#### Provided data ####

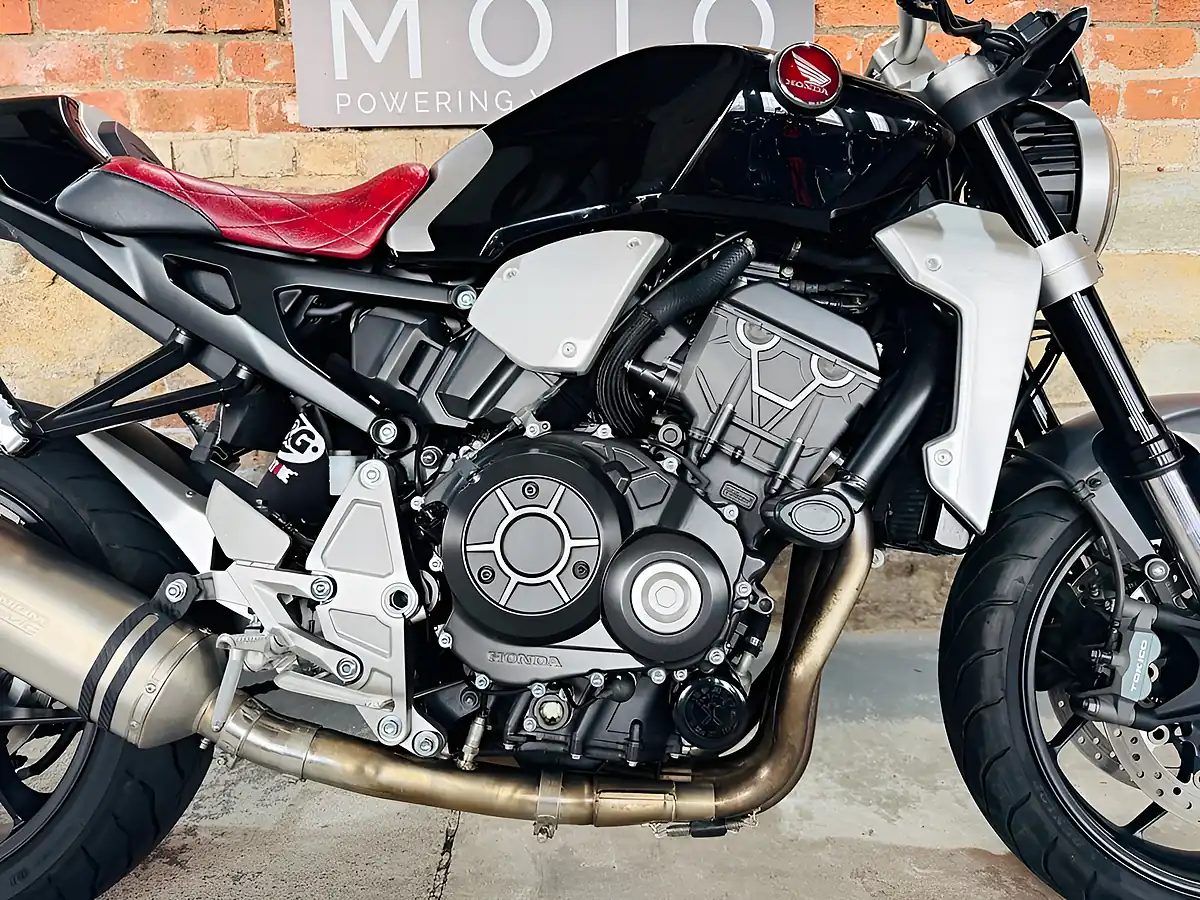 Used 2018 Honda Cb1000r Plus Black - Interior and Exterior details 7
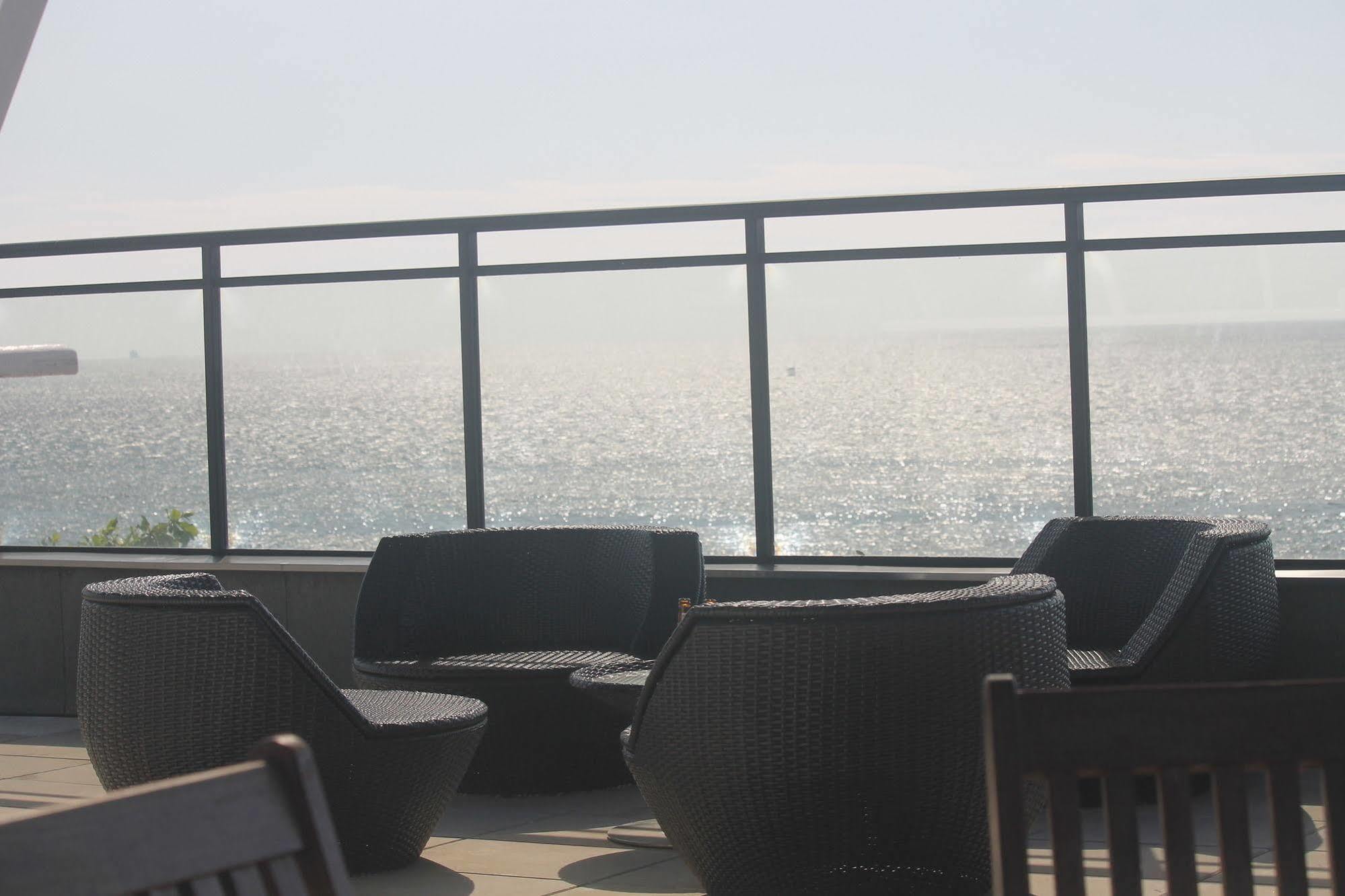 Art House Hotel Луанда Екстериор снимка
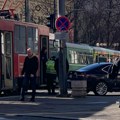 Kolaps kod Beograđanke: Tramvaj udario u automobil, stvaraju se zastoji (foto)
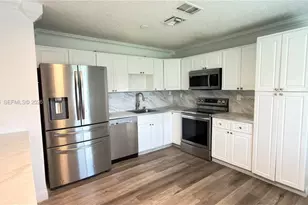 8151 SW 7th St, North Lauderdale, FL 33068 - Photo 5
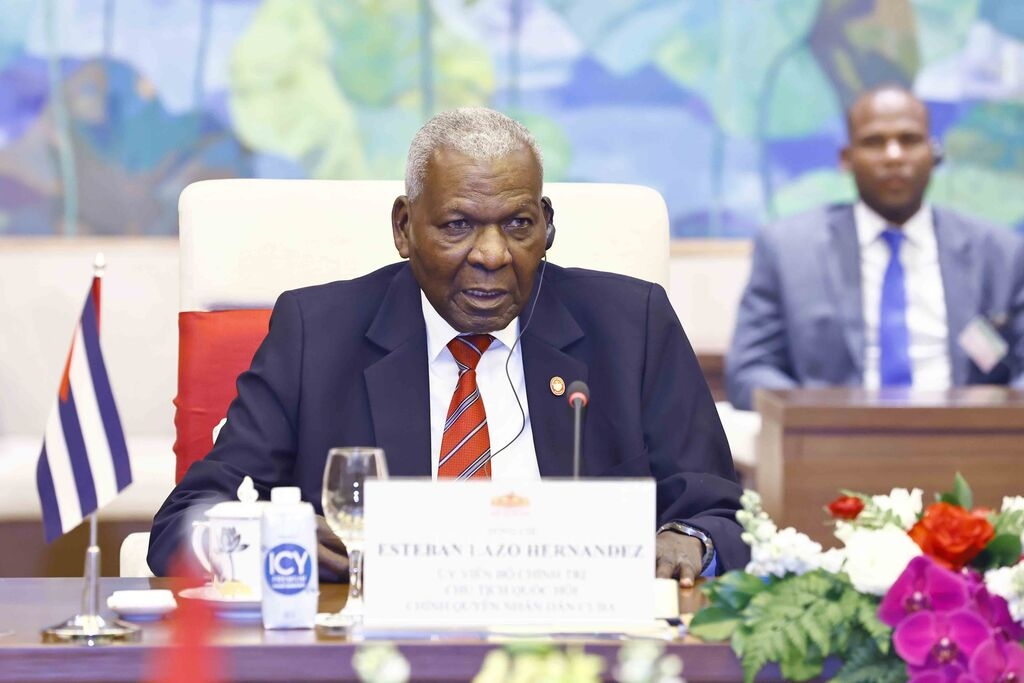 top cuban legislator esteban lazo hernandez begins vietnam visit today picture 1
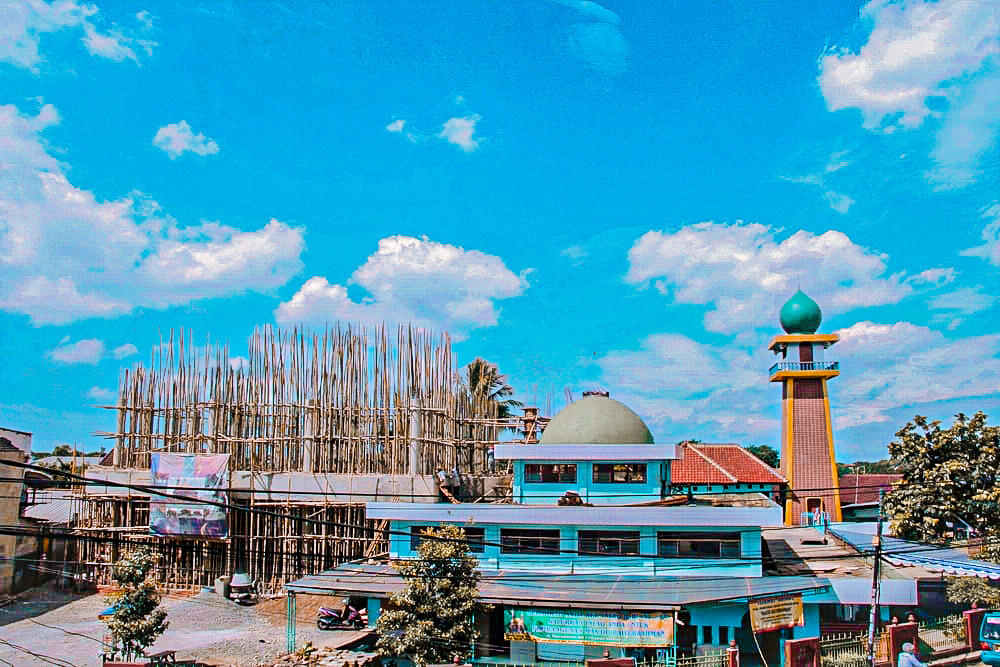 Modernisasi Masjid Merah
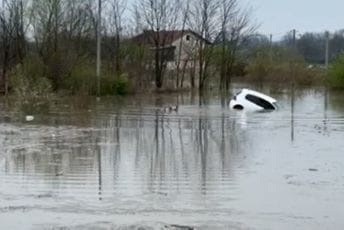 (VIDEO) Dramatična situacija u Prijedoru: Voda nosila auto i vozača
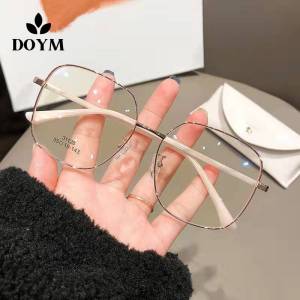 DOYM Fashion Metal Light Luxury Glasses for Women Casual Anti-blue Light Elegant Anti-radiation Computer Eyeglasses for Ladies Square Driving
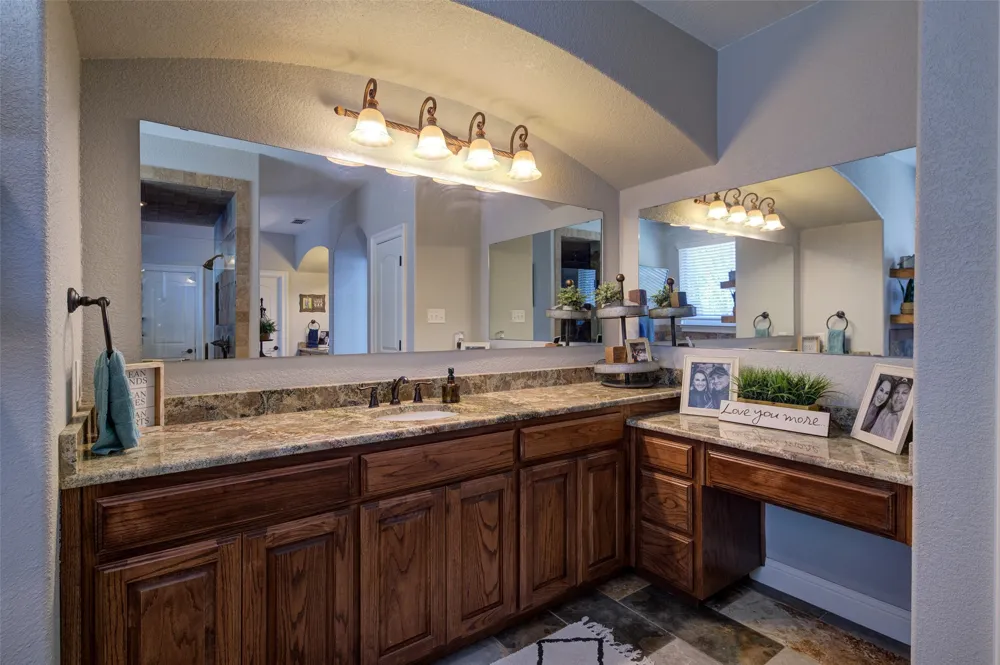 9199 Farm to Market 1810 Chico, TX 76431
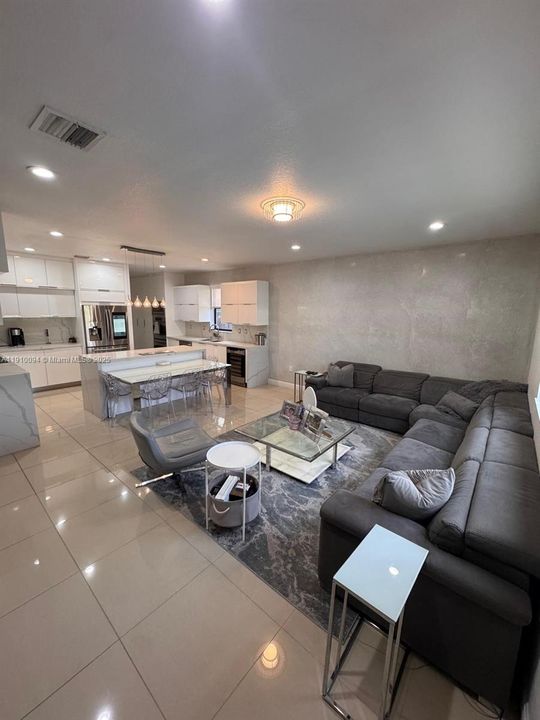 For Rent: $10,000 (5 beds, 4 baths, 3820 Square Feet)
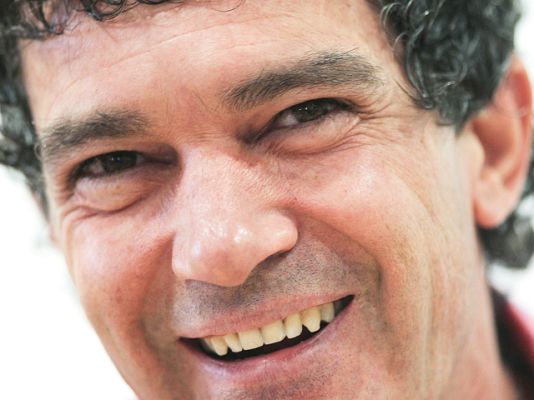  - Reencuentro de Banderas y Almodóvar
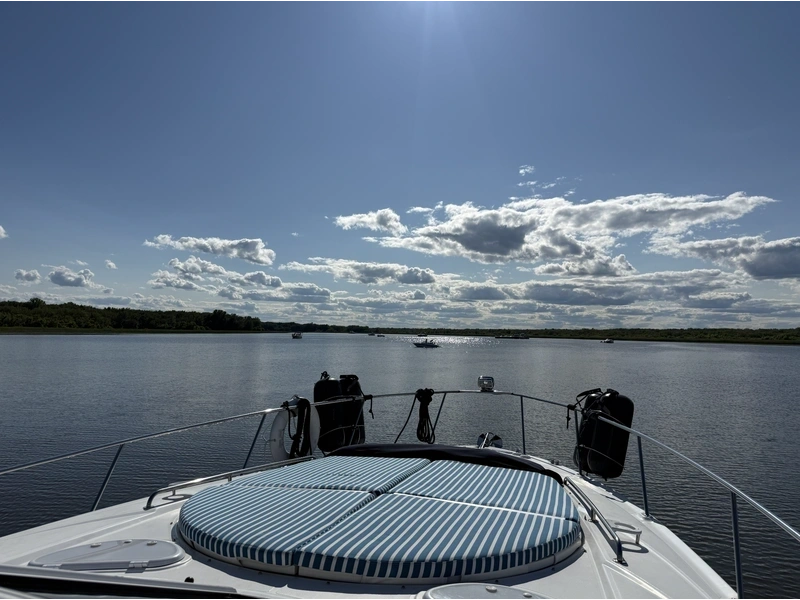 2011 Cruisers Yachts 360 Express alt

####

● **What is needed**
Print the records above word for word, omitting any picture they contain.

● **Task response**
 Used 2018 Honda Cb1000r Plus Black - Interior and Exterior details 7
 Art House Hotel Луанда Екстериор снимка
 Kolaps kod Beograđanke: Tramvaj udario u automobil, stvaraju se zastoji (foto)
 8151 SW 7th St, North Lauderdale, FL 33068 - Photo 5
 top cuban legislator esteban lazo hernandez begins vietnam visit today picture 1
 Modernisasi Masjid Merah
 (VIDEO) Dramatična situacija u Prijedoru: Voda nosila auto i vozača
 DOYM Fashion Metal Light Luxury Glasses for Women Casual Anti-blue Light Elegant Anti-radiation Computer Eyeglasses for Ladies Square Driving
 9199 Farm to Market 1810 Chico, TX 76431
 For Rent: $10,000 (5 beds, 4 baths, 3820 Square Feet)
  - Reencuentro de Banderas y Almodóvar
 2011 Cruisers Yachts 360 Express alt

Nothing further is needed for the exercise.